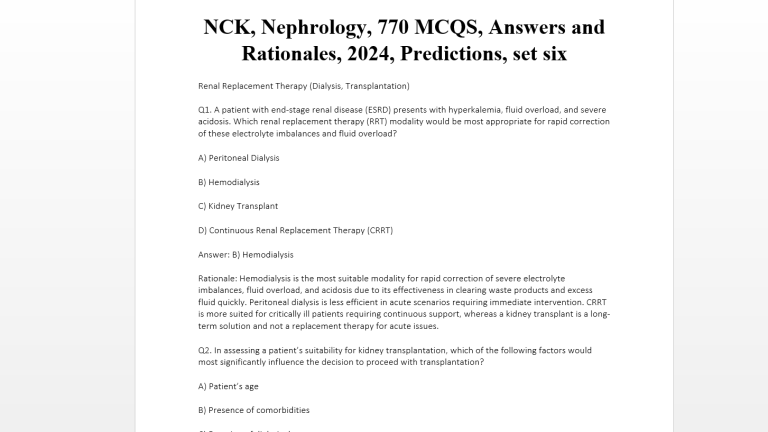 NCK, Nephrology, 770 MCQS, Answers and Rationales, 2024, Predictions, set six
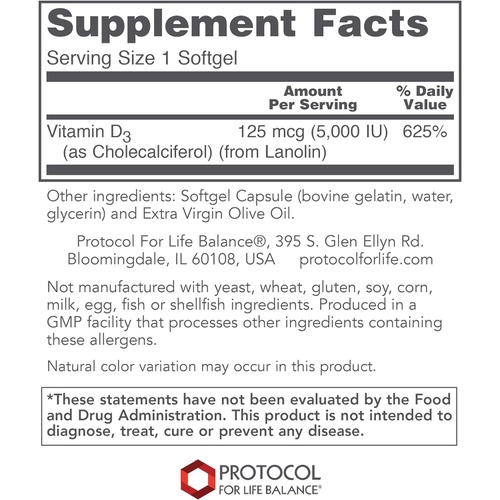  Protocol For Life Balance - Vitamin D3 5000 IU (High Potency) Supports Calcium Absorption, Bone and Dental Health, Immune System Function, Nervous System, and Cognitive Function -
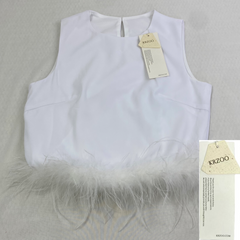 Round-neck sleeveless quilted feather vest top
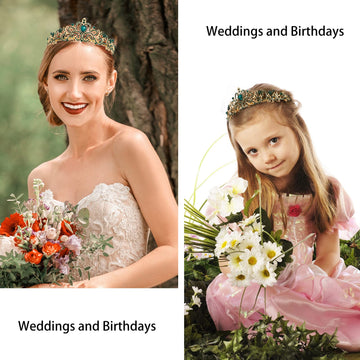 Velscrun Birthday Crown For Girls, Birthday Girl Sash, Birthday Girl Tiara, Green Tiaras For Girls, Birthday Sash For Girls, Bir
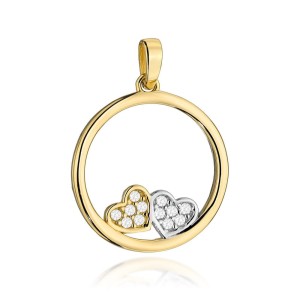 Zawieszka złota ring z dwoma serduszkami i cyrkoniami 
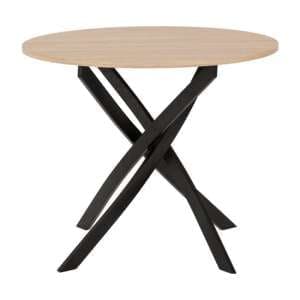 Sanur Wooden Dining Table Round In Sonoma Oak With Black Legs - UK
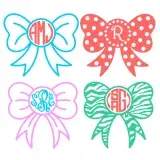 Bow Monogram Svg Cuttable Frame
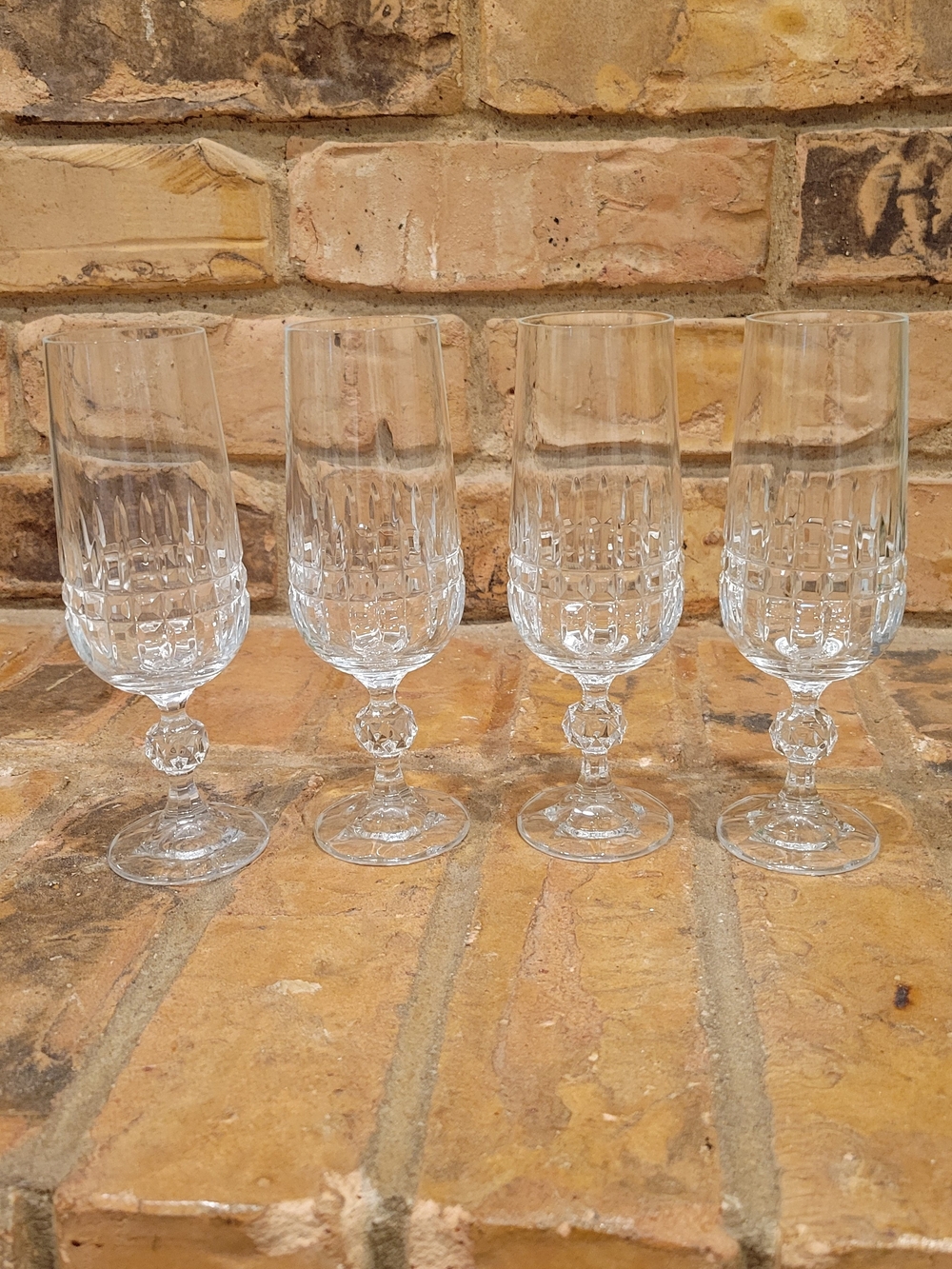 Bohemia Crystal-Belfast Pattern Champagne Flutes- Set of 4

--------------------

**WHAT TO DO**
Copy exactly, and copy nothing else: the lines from the one containing "Zawieszka złota ring" through the end of the data, both ends included, with pictures left out.

**RESULT OF THE EXERCISE**
 Zawieszka złota ring z dwoma serduszkami i cyrkoniami 
 Sanur Wooden Dining Table Round In Sonoma Oak With Black Legs - UK
 Bow Monogram Svg Cuttable Frame
 Bohemia Crystal-Belfast Pattern Champagne Flutes- Set of 4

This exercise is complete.